COVID LONG
La pandémie dure et perdure
Près de trois ans après la fin des mesures de lutte contre le coronavirus en Suisse, un certain nombre de personnes souffre encore des conséquences de la maladie infectieuse et d’autres contractent un covid long. Sur les traces d’une énigme.
En mars 2020, alors qu’un nouveau coronavirus baptisé SARS-CoV-2 venait de déferler sur la planète, les premiers rapports faisant état de symptômes persistants sont déjà apparus. Ce sont les patients et patientes touchés qui ont créé le nom anglais de Long Covid – Covid long en français. Il désigne un ensemble de troubles persistant au-delà de la phase aiguë de l’infection. La littérature spécialisée parle aussi de séquelles post-aiguës d’une infection à coronavirus, de syndrome post-Covid-19 aigu ou de post-covid. L’OMS le définit simplement comme des symptômes persistant trois mois après une infection qui durent au moins deux mois et ne peuvent pas être expliqués par une autre cause. Cette définition très vague montre à quel point ce mal persistant est aujourd’hui difficile à cerner. Voici le témoignage de deux personnes touchées par ce syndrome et une approche du phénomène en six thèmes.
Professeur de biologie (56), malade pendant 4 mois *
«Je suis conscient d’avoir eu de la chance»
«J’ai attrapé le covid pour la troisième fois début 2024 et j’ai mis du temps à me rétablir. Après avoir porté mes courses jusque chez moi, je devais d’abord aller me coucher. Je n’arrêtais pas de commettre des erreurs stupides. J’ai par exemple envoyé un courriel confidentiel aux mauvais destinataires.

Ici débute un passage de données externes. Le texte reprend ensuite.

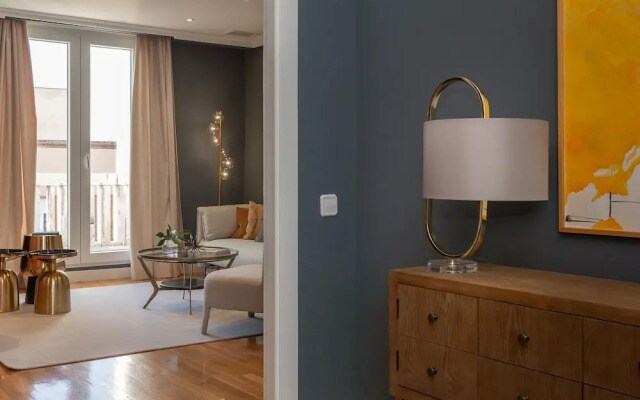 Luxury Penthouse Selton Velazquez (GL)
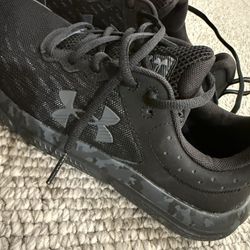 Under Armor Running Shoes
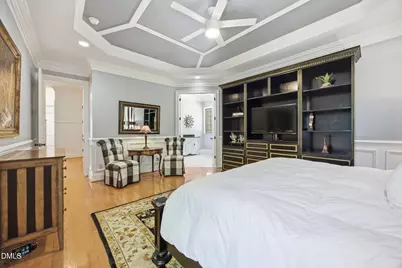 3312 Canoe Brook Parkway, Raleigh, NC 27614 - Photo 39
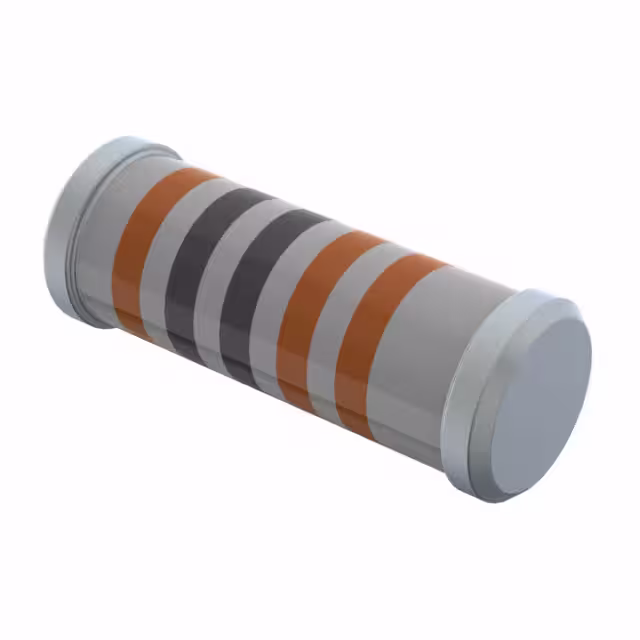 MMP100FRE1K YAGEO electronic component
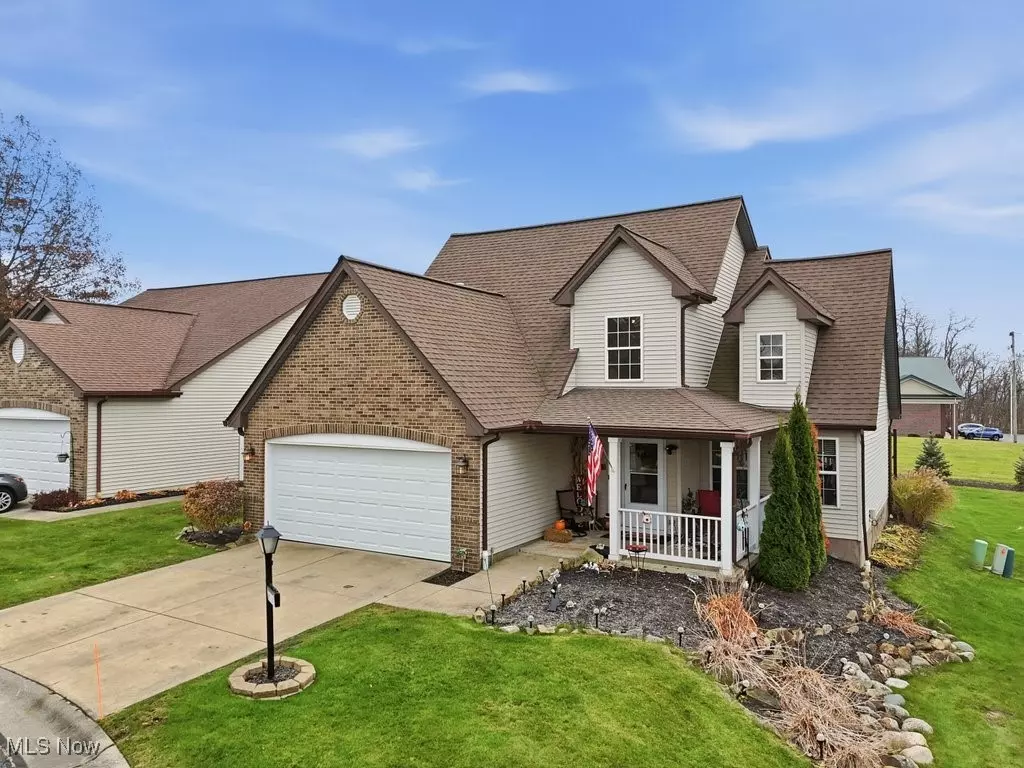 Brunswick, OH 44212,4316 Arlington DR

J’ai continué à travailler depuis la maison, mais beaucoup moins et de manière morcelée, car je n’arrivais pas à rester concentré longtemps. Mon équipe a très bien fonctionné, ce qui est sûrement dû à ma façon de diriger. L’acceptation par mon entourage et l’université était très bonne.
Je n’ai pas pris de médicaments. J’ai mangé plus sainement encore et recommencé très progressivement ma gymnastique. Après environ quatre mois, j’étais de retour à mon niveau normal. J’exerce maintenant mon métier comme avant, je rédige des publications et j’assiste à des conférences. Comme je travaille moi-même sur les virus, je suis conscient que je m'en suis encore tiré à bon compte. Je suis devenu plus prudent et porte par exemple un masque dans les transports public et dans l’avion.»
* Nom connu de la rédaction.
Illustration: Christina Baeriswyl
Chercheuse en sciences sociales (56), malade depuis 2,5 ans *
«Comme un confinement sans fin»
«Les premiers mois après mon infection par le coronavirus ont été un cauchemar. Par ignorance, je suis allée d’effondrement en effondrement. Je ne comprenais pas une ligne de ce que je lisais. Brouillard mental, douleurs aiguës, épuisement total, troubles du sommeil et bien d’autres problèmes m’accompagnaient 24 heures sur 24. En cure, mon état ne s'est pas amélioré. Depuis que je suis malade, je travaille quelques heures par jour en home office, en faisant de longues pauses. Mes collègues me soutiennent et la direction de l’institut de la haute école me témoigne une grande bienveillance. Mais je vais sans doute devoir quitter ma chaire prochainement. C’est très douloureux.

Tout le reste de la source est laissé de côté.